US RETAIL SALES (FRI): Januaryʼs retail gross sales information might be weighed in opposition to indicators of resilient client spending firstly of the 12 months. BofAʼs client checkpoint information confirmed complete card spending rose 2.6% Y/Y in January, versus 1.8% Y/Y in its December report, marking the strongest tempo in practically two years regardless of weather-related disruptions. The financial institution flagged persistent incomebased divergence in spending and wage progress, warning of a “Ok” form between higher- and middle-income households, alongside the prevailing hole with lower-income teams. It mentioned households have been broadly adaptive and financially steady, navigating affordability pressures by buying and selling down, sustaining elevated financial savings and drawing on obtainable borrowing capability. Greater tax refunds are additionally seen as a possible near-term help for client spending.
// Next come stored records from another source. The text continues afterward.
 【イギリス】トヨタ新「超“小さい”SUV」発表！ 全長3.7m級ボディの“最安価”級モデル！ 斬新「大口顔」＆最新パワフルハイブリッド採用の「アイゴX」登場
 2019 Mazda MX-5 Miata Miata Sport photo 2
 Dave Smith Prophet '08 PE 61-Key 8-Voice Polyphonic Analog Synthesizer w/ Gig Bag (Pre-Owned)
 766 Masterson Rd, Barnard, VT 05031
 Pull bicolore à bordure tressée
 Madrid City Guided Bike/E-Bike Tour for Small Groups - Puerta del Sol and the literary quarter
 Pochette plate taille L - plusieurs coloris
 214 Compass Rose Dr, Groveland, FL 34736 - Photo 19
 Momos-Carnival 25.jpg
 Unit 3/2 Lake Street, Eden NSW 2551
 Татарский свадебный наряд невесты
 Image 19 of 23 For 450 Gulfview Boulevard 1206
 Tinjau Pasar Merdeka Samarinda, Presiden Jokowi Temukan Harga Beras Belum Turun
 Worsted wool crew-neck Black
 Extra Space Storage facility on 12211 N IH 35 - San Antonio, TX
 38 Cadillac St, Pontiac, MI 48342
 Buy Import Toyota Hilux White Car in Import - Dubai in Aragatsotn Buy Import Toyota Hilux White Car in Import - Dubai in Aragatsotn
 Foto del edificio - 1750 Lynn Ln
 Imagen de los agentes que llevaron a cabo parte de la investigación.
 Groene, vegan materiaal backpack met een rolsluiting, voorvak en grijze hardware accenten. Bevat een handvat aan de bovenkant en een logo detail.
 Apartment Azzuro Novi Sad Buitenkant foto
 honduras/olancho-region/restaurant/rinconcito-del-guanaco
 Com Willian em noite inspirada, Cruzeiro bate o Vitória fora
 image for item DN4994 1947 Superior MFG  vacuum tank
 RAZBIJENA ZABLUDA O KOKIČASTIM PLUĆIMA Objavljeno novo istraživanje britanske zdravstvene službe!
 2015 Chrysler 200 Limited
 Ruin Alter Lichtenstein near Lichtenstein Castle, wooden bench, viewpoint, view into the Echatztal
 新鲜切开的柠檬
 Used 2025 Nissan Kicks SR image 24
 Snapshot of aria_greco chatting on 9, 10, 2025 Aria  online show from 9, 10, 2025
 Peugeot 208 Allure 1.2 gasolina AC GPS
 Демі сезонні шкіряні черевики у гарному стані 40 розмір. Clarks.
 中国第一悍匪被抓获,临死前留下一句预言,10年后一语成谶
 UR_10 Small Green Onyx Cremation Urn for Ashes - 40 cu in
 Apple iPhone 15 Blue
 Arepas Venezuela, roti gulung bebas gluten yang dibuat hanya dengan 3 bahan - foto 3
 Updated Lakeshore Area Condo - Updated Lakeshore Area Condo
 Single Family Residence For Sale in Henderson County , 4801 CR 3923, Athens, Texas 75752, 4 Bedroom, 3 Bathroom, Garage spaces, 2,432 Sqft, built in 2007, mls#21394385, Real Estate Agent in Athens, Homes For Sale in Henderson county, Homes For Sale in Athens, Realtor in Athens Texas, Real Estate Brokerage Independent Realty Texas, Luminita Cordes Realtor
US JOBS REPORT (FRI): The February jobs report might be regarded to to see whether or not Januaryʼs stronger-than-expected 130k payroll achieve and the drop in unemployment to 4.3% marked a turning level, or was a one-off. Consensus expectations are for payroll progress of 70-90k, above the estimated 50k breakeven tempo. Some analysts anticipate unemployment to edge increased, citing potential volatility within the family survey after Januaryʼs surge in employment, whereas the Chicago Fedʼs February labour market indicators mannequin is monitoring unemployment at 4.28%, broadly consistent with Januaryʼs official 4.3% charge. Weekly preliminary jobless claims have been regular over the comparable survey durations, whereas persevering with claims rose barely. The Convention Board reported a modest enchancment in labour market perceptions, with the labour market differential rising. On coverage, Fed officers view the labour market as steady and resilient, having cooled steadily and now displaying indicators of stabilising. With unemployment low, layoffs subdued and vacancies regular, officialsʼ focus seems to have shifted extra in the direction of inflation dynamics. A number of have careworn the necessity for clearer proof that worth pressures, significantly in core companies, are returning to focus on earlier than contemplating additional charge cuts.